食器洗いやら洗濯やら、午前中の仕事を手伝い、労働した仲間たちと昼食を取った後、午後も手伝おうといったのだがやんわりと断られてしまった。
「何よねー。別にこんなこと何でもないのに……」
金欠の彼女の家は召使が少ない。だから彼女は日ごろからよく手伝いをやっているのだ。水仕事で荒れた手では社交界に出たときにみっともないと両親からは止められているのだが。

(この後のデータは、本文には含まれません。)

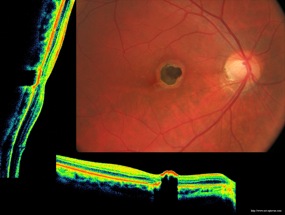 néovaisseaux jeune laser retine retina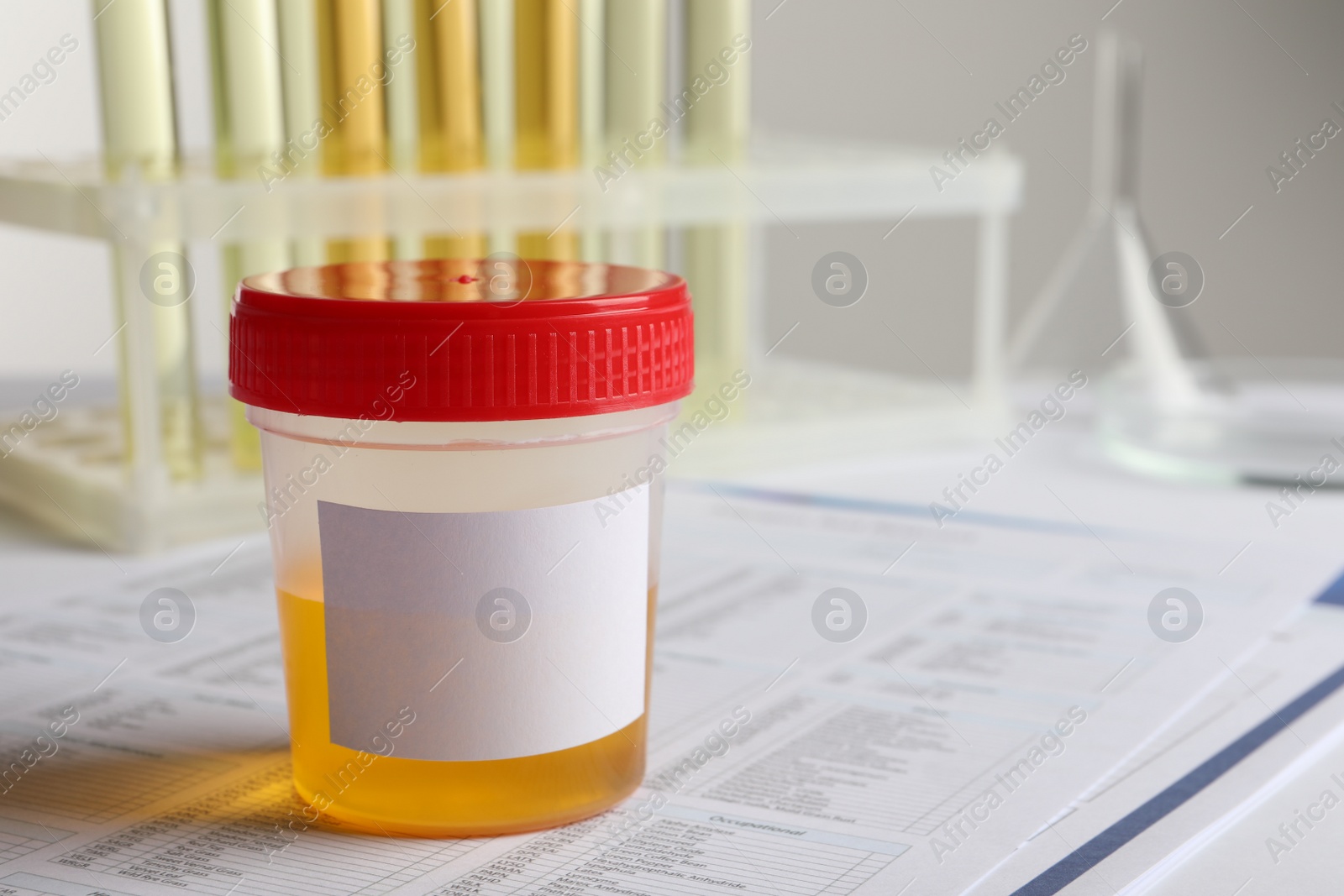 Photo of Container with urine sample on table, closeup. Space for text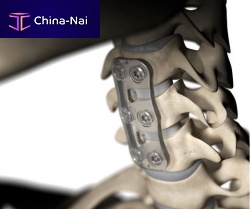 Cervical vertebra arthrodesis plate S-1bioresorbable polymer2 levels1 level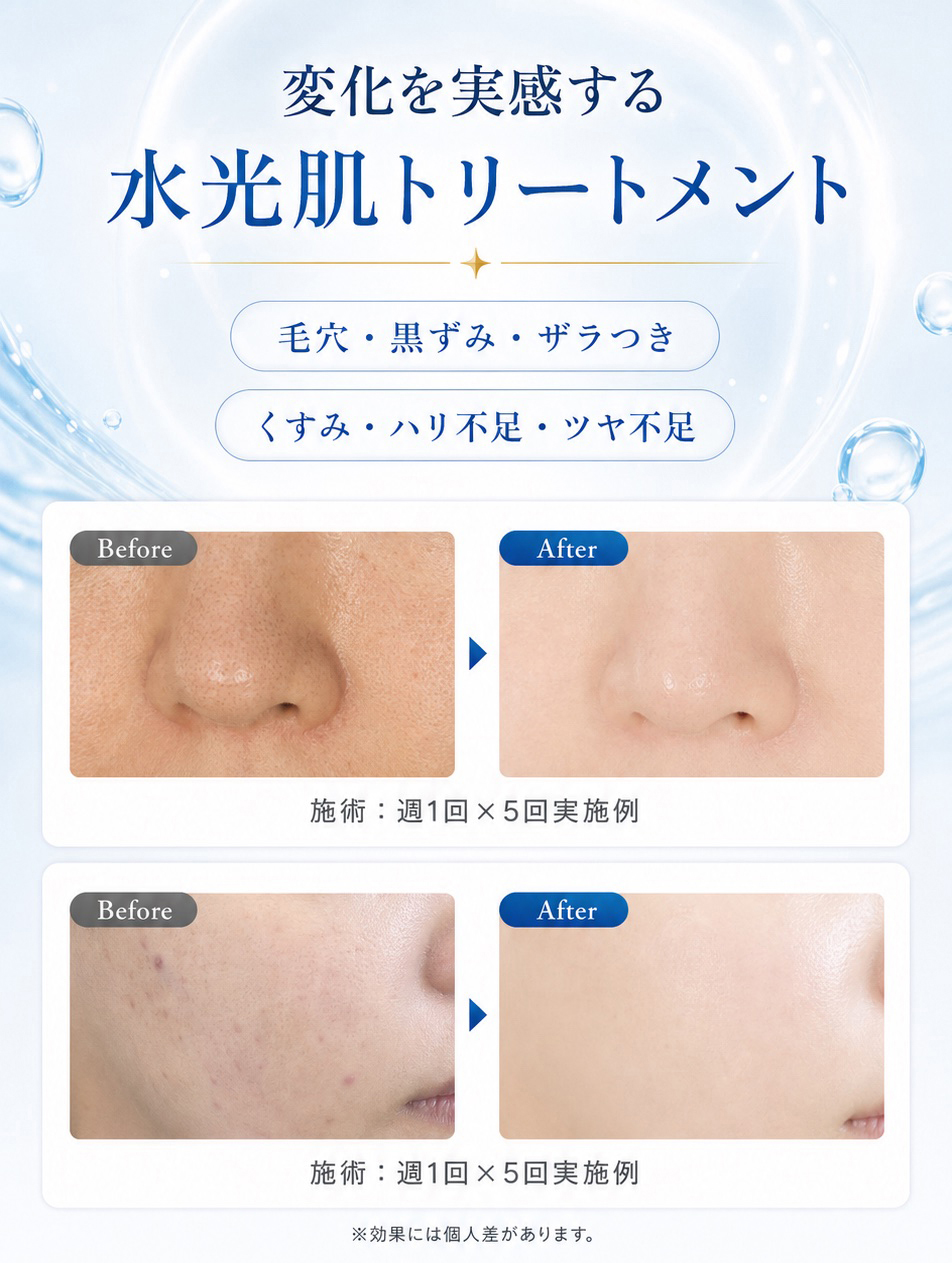 変化を実感する水光肌トリートメント 毛穴 黒ずみ ザラつき くすみ ハリ不足 ツヤ不足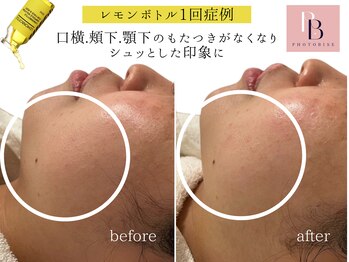 フォトビズ/レモンボトルでたるみ激変！小顔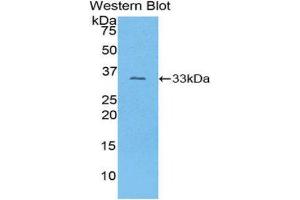 Western Blotting (WB) image for anti-Collagen, Type I, alpha 1 (COL1A1) (AA 1225-1453) antibody (ABIN1077674) (COL1A1 抗体  (AA 1225-1453))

仕方なくメイレンファナは庭をうろついている。季節は初夏。木々は淡い緑がずいぶん濃くなって木漏れ日が心地良いし、花壇では手入れの行き届いた色彩鮮やかな花々が咲いている。見ているだけで少し嬉しくなっていく。
花壇をじっと見ていると、庭師の男が声をかけてきた。
「気に入りましたか?」
「ええ、とても。素敵な庭ですね」
「はは。有難うございます。でも、私が一人でやっているわけじゃないんですがね」
「ああ、他の庭師さんもいらっしゃるのね」
「いえ、庭師は私一人ですよ」
「え?じゃあ誰が……?」
驚いて目を丸くすると、もっと驚きの答えが返ってきた。
「旦那様ですよ」
「…………え?」
「前にですね、花が病気になったことがありまして、薬を買ってきたんですが雨が降っていてその日は諦めたんです。でも夜には晴れてまして……朝起きてみれば、病気の花にはみんな薬が蒔かれてました」
「でも、それって他の人がやったかも……」
何となく反論すると、庭師はニコニコ笑って
「嵐の晩に、強風で枝が折れないように縄で固定しに行った時に同じ目的で雨の中に外に出てきた旦那様に会いましたよ。その時に花の薬のことを聞いたら照れたのか言いふらすなと口止めだけなさいました。他にも色々なさってくれています。お屋敷の中で一番この庭を愛している方ですよ」
メイレンファナの意見を消してしまった。
「……」
心惹かれる庭を見ながら、自分を無視するあの男と皆の話に出てくる旦那様を思い浮かべ比較してみる。
一致しない。
「まるで別人のようだわ」
メイレンファナは眉をよせて嘆息した。